■ About this exercise ■
Although the records contain pictures, only their text should be reproduced, exactly as written.

--- Task input Enclosed Below ---

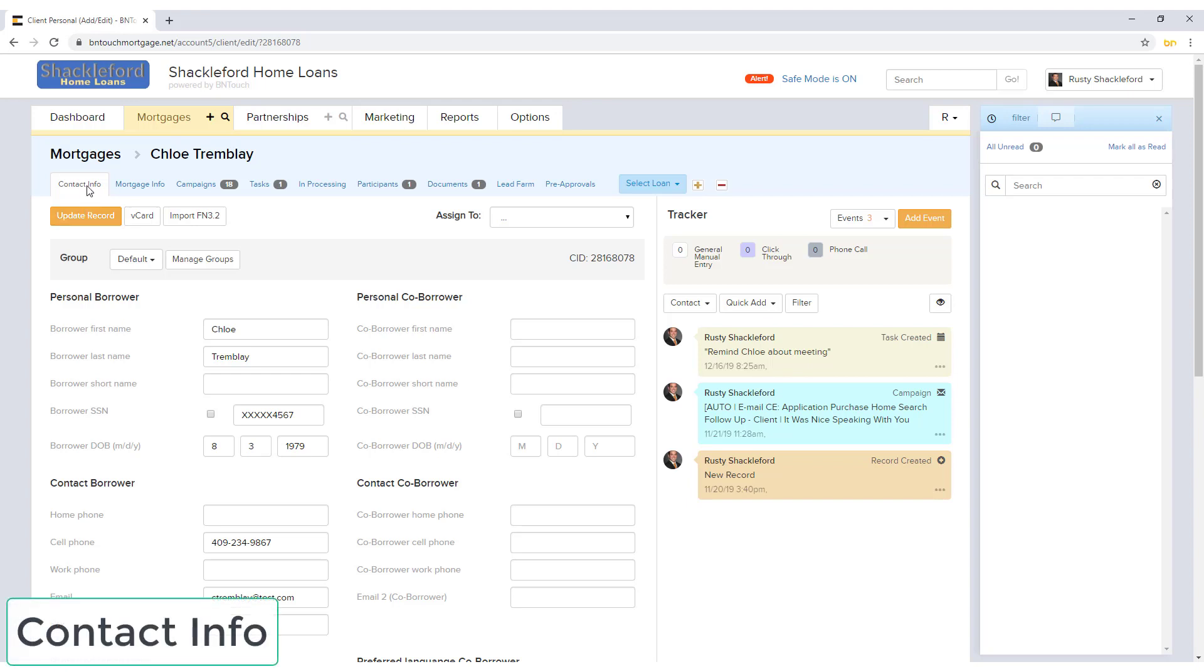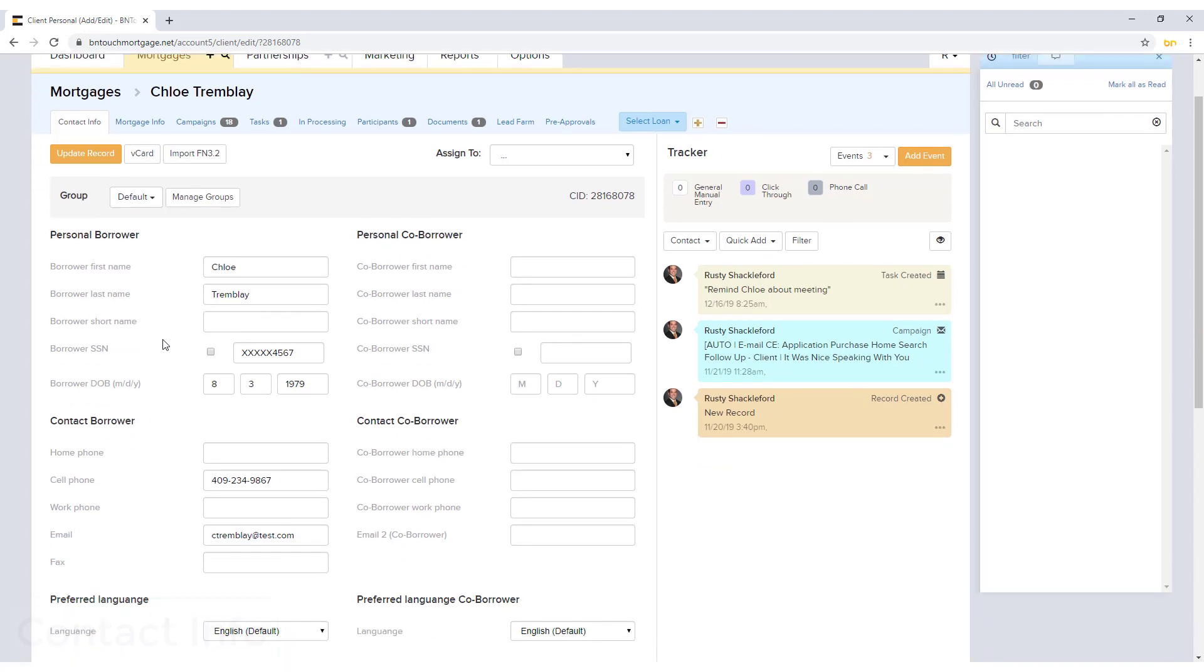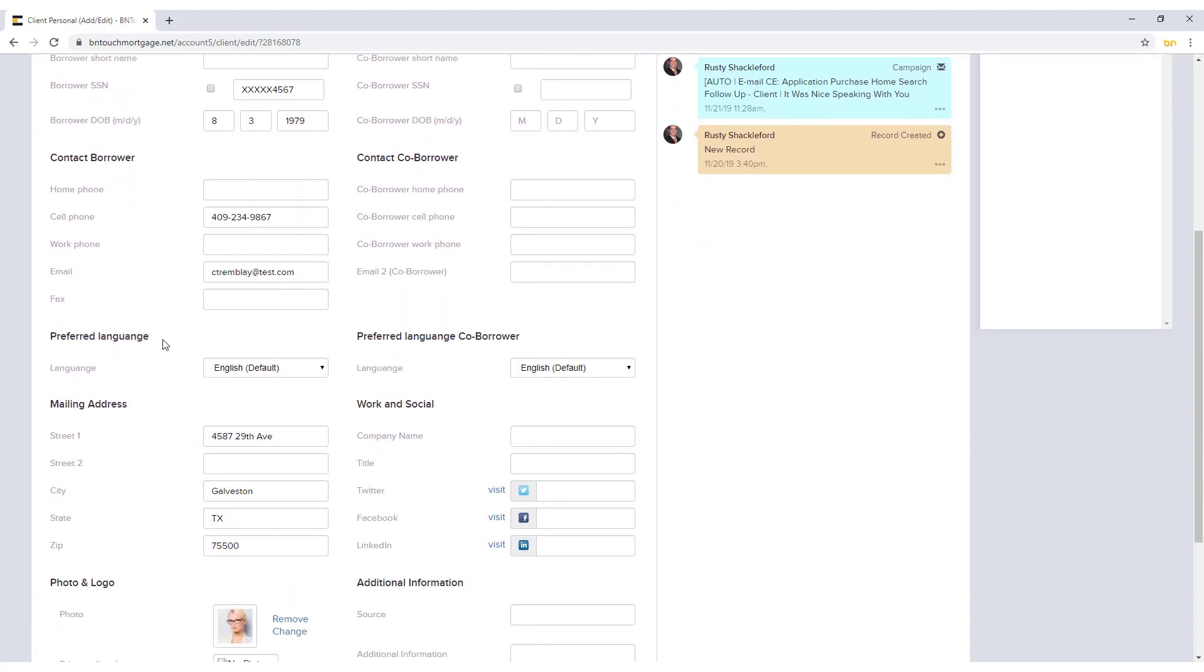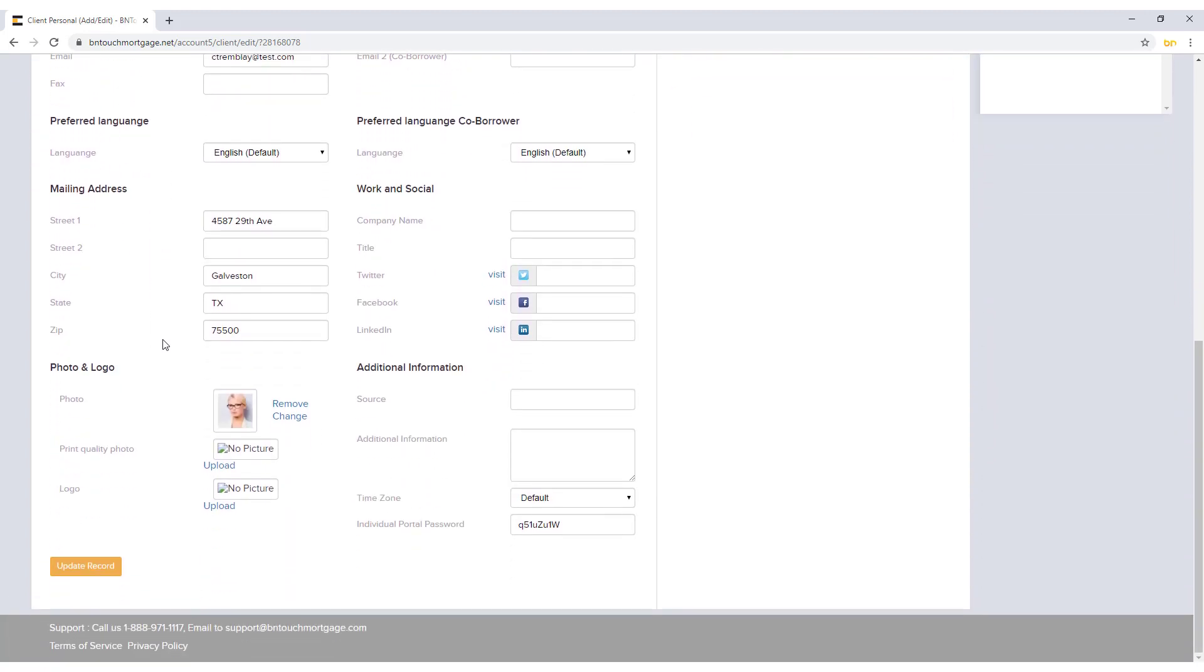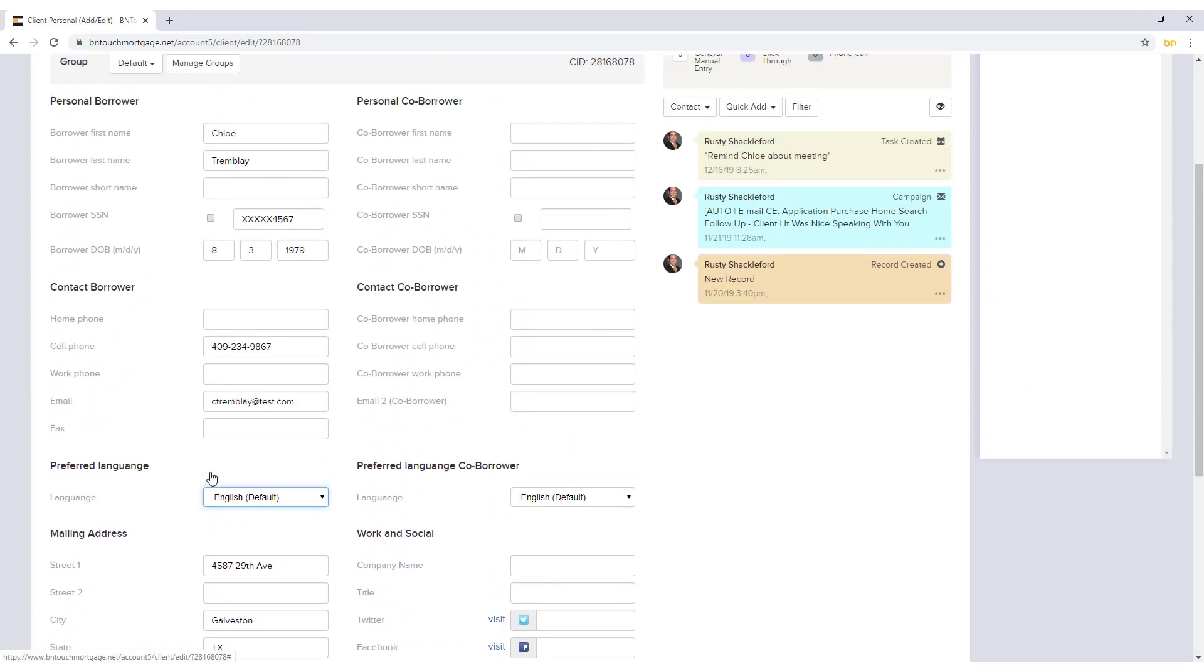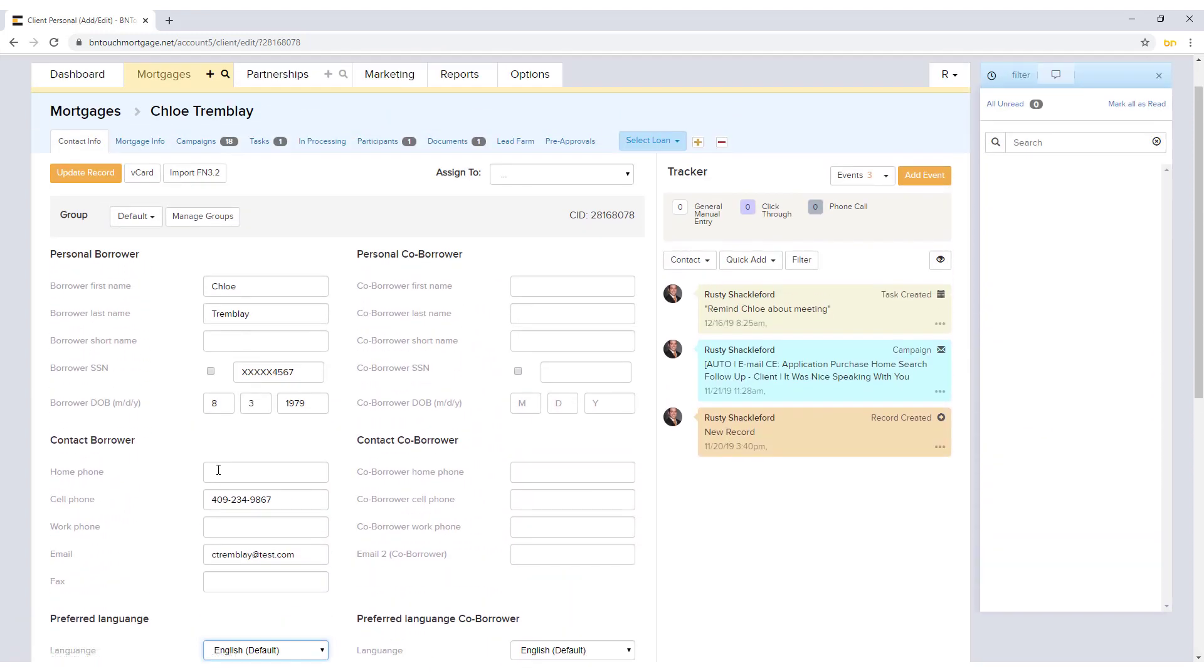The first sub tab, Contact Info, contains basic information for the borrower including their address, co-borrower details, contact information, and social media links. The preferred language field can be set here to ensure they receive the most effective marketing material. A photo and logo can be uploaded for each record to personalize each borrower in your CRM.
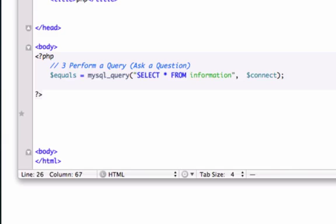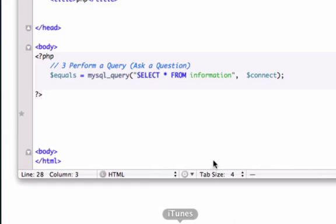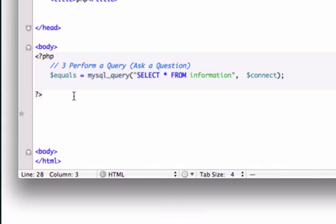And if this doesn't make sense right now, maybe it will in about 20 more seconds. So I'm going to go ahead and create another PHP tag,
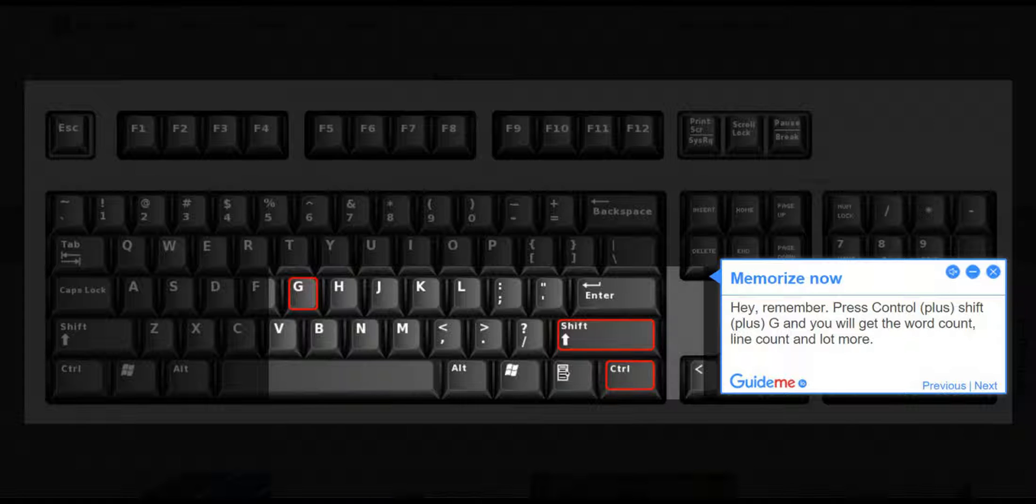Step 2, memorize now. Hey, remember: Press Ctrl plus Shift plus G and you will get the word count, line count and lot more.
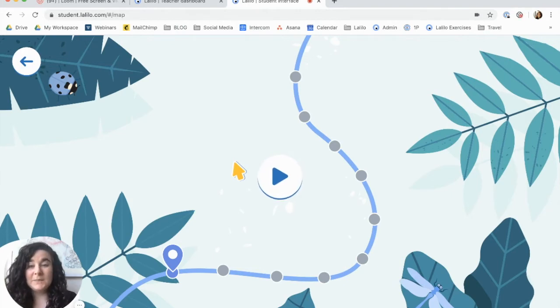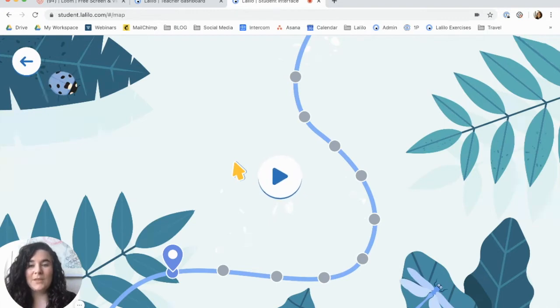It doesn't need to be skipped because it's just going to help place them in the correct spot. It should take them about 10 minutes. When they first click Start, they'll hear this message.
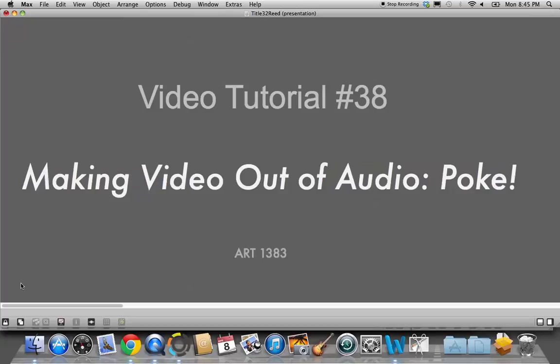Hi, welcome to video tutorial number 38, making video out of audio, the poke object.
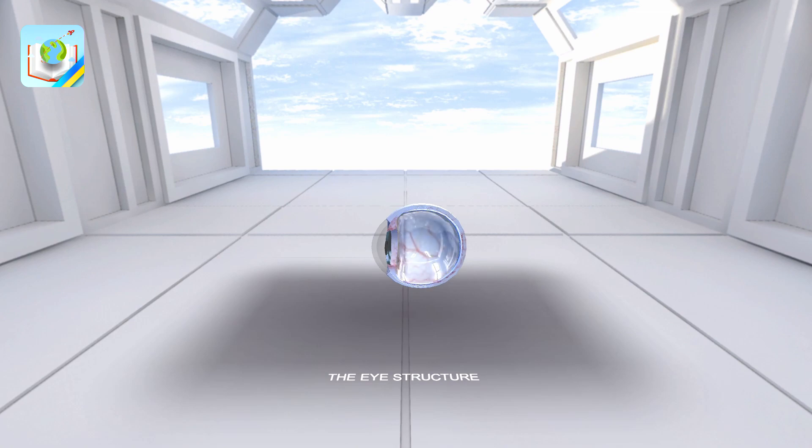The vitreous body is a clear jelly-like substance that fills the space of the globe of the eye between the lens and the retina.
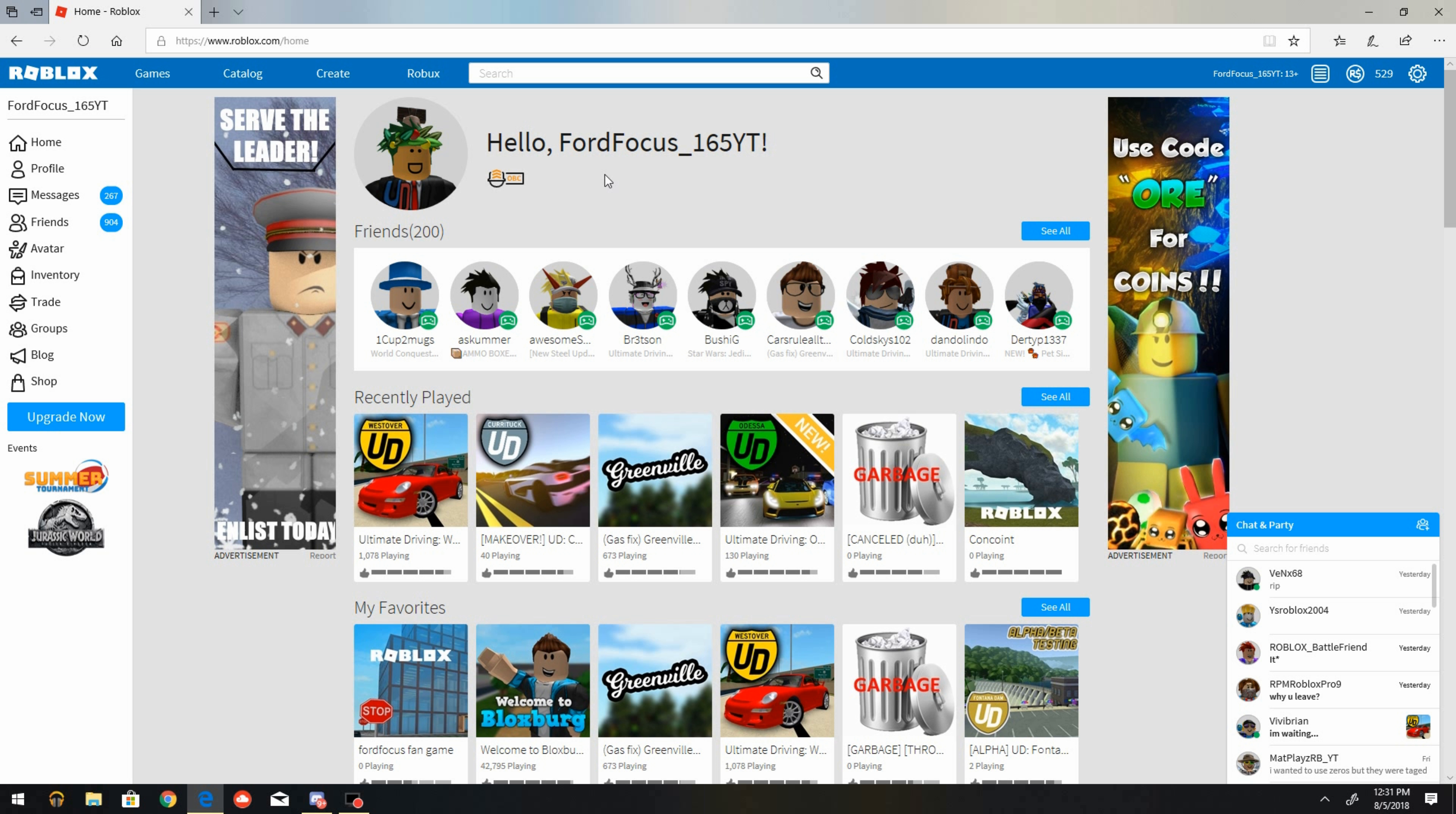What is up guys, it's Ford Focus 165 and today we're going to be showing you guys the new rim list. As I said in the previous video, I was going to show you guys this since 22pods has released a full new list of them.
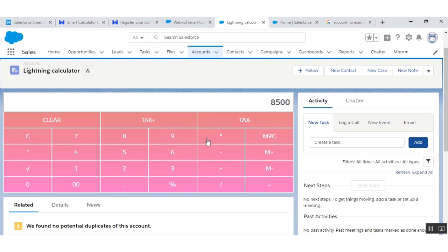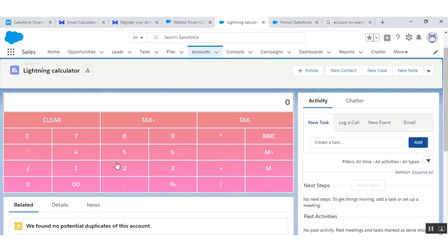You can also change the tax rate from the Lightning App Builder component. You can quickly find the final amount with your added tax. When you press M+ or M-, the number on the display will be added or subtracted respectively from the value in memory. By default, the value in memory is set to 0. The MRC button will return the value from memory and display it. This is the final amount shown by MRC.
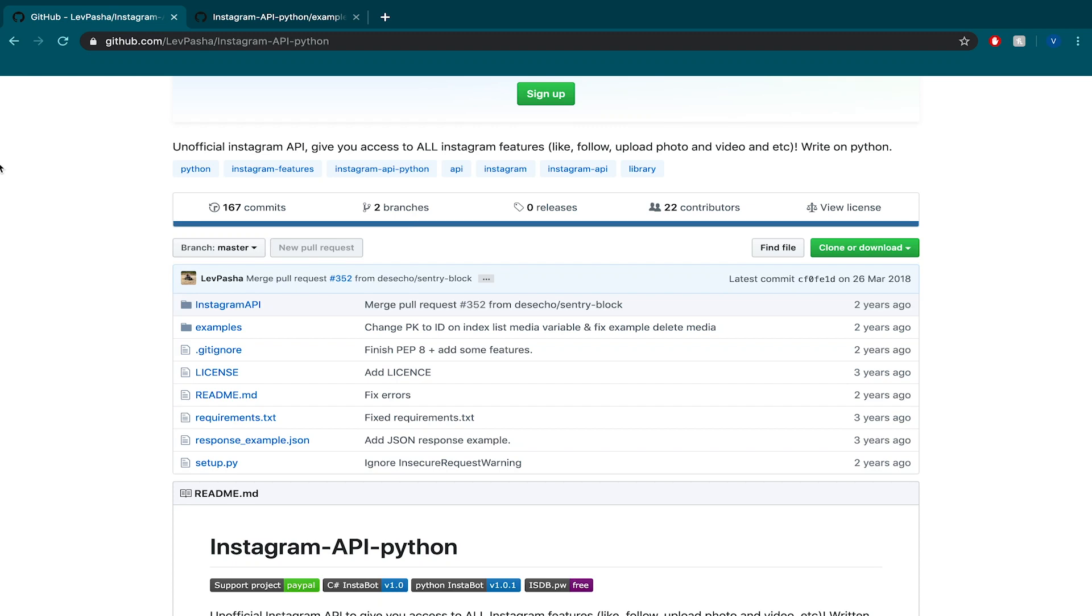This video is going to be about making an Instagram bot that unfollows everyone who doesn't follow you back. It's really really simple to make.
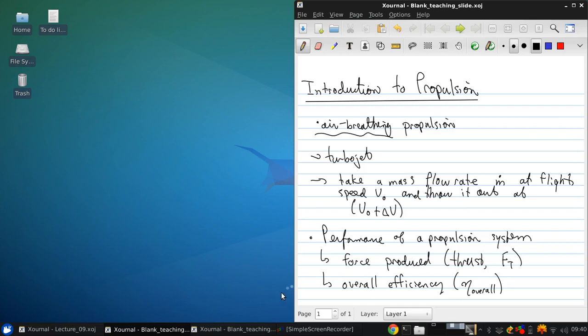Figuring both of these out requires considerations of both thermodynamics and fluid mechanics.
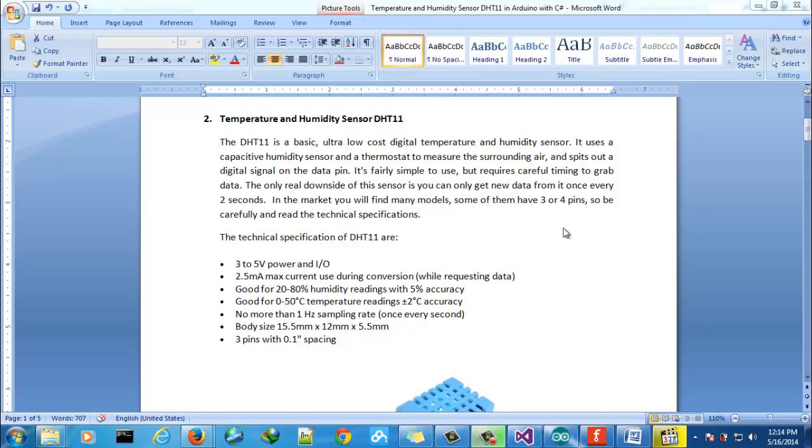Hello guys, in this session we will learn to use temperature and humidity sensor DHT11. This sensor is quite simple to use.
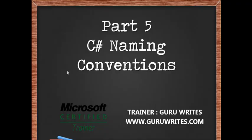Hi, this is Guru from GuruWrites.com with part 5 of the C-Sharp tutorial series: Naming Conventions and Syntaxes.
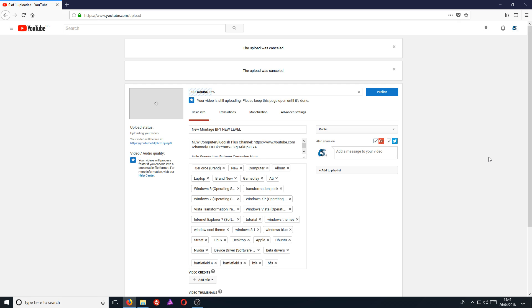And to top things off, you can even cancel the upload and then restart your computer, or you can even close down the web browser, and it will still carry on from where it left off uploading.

--- End of Enclosed Task input ---

■ Response area ■
The first sub tab, Contact Info, contains basic information for the borrower including their address, co-borrower details, contact information, and social media links. The preferred language field can be set here to ensure they receive the most effective marketing material. A photo and logo can be uploaded for each record to personalize each borrower in your CRM.
And if this doesn't make sense right now, maybe it will in about 20 more seconds. So I'm going to go ahead and create another PHP tag,
Step 2, memorize now. Hey, remember: Press Ctrl plus Shift plus G and you will get the word count, line count and lot more.
It doesn't need to be skipped because it's just going to help place them in the correct spot. It should take them about 10 minutes. When they first click Start, they'll hear this message.
Hi, welcome to video tutorial number 38, making video out of audio, the poke object.
The vitreous body is a clear jelly-like substance that fills the space of the globe of the eye between the lens and the retina.
What is up guys, it's Ford Focus 165 and today we're going to be showing you guys the new rim list. As I said in the previous video, I was going to show you guys this since 22pods has released a full new list of them.
You can also change the tax rate from the Lightning App Builder component. You can quickly find the final amount with your added tax. When you press M+ or M-, the number on the display will be added or subtracted respectively from the value in memory. By default, the value in memory is set to 0. The MRC button will return the value from memory and display it. This is the final amount shown by MRC.
This video is going to be about making an Instagram bot that unfollows everyone who doesn't follow you back. It's really really simple to make.
Figuring both of these out requires considerations of both thermodynamics and fluid mechanics.
Hello guys, in this session we will learn to use temperature and humidity sensor DHT11. This sensor is quite simple to use.
Hi, this is Guru from GuruWrites.com with part 5 of the C-Sharp tutorial series: Naming Conventions and Syntaxes.
And to top things off, you can even cancel the upload and then restart your computer, or you can even close down the web browser, and it will still carry on from where it left off uploading.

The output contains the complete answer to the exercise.